--- Task to complete ---
Using the listing below, please print exactly the lines from the one with "Bamboo Long Sleeve" through the one with "Galfer Bremseskive SHARK, Fast, ø240x4mm". Leave out every picture.

--- Supplied records ---
--- --- ---
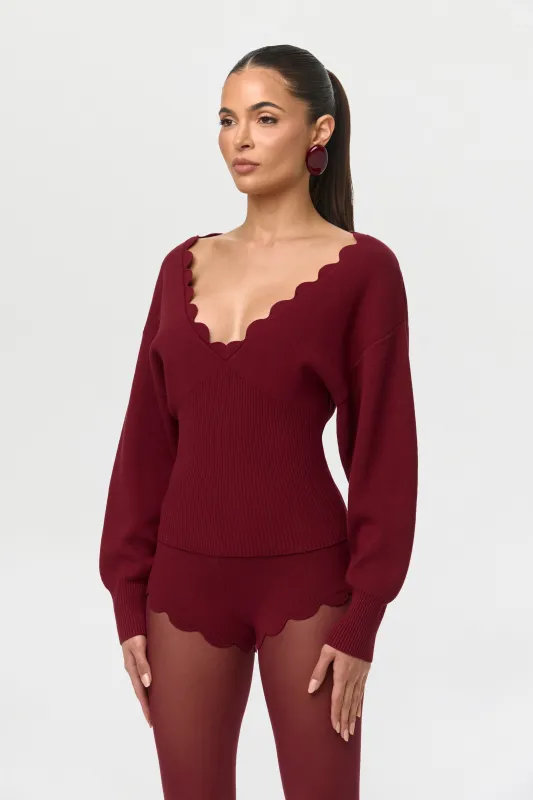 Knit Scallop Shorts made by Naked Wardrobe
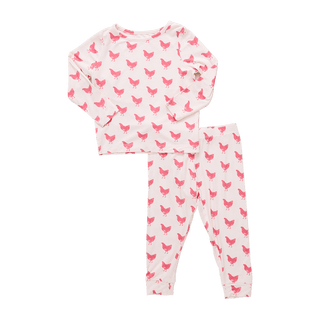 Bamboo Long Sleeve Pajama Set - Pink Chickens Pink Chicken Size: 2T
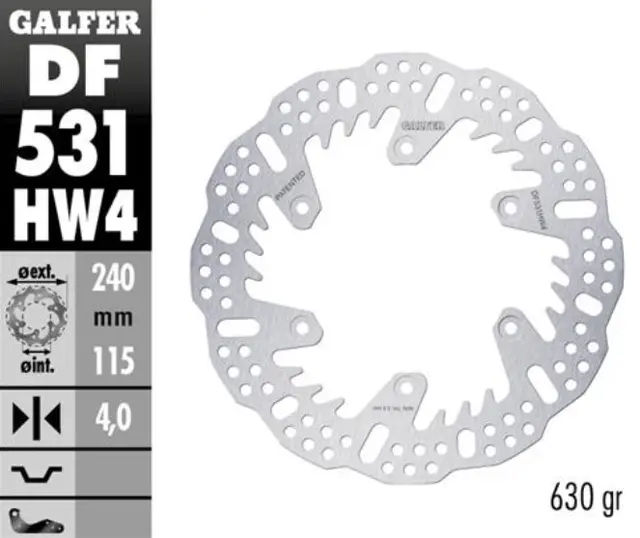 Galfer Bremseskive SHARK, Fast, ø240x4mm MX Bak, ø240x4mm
--- --- ---
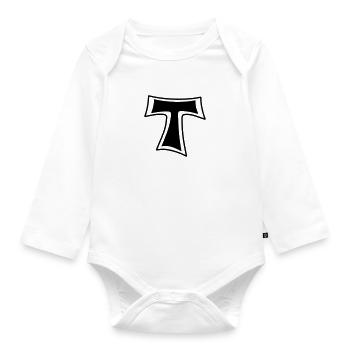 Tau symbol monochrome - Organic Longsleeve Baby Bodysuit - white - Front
--- --- ---
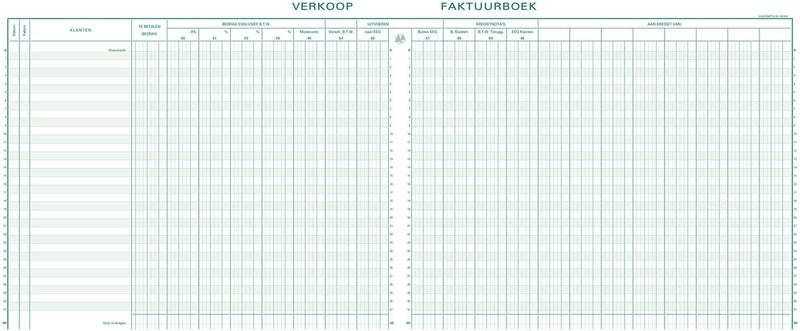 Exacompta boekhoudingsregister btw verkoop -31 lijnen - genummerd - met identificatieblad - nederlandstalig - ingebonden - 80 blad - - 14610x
--- --- ---
--- Solution to this task ---
 Bamboo Long Sleeve Pajama Set - Pink Chickens Pink Chicken Size: 2T
 Galfer Bremseskive SHARK, Fast, ø240x4mm MX Bak, ø240x4mm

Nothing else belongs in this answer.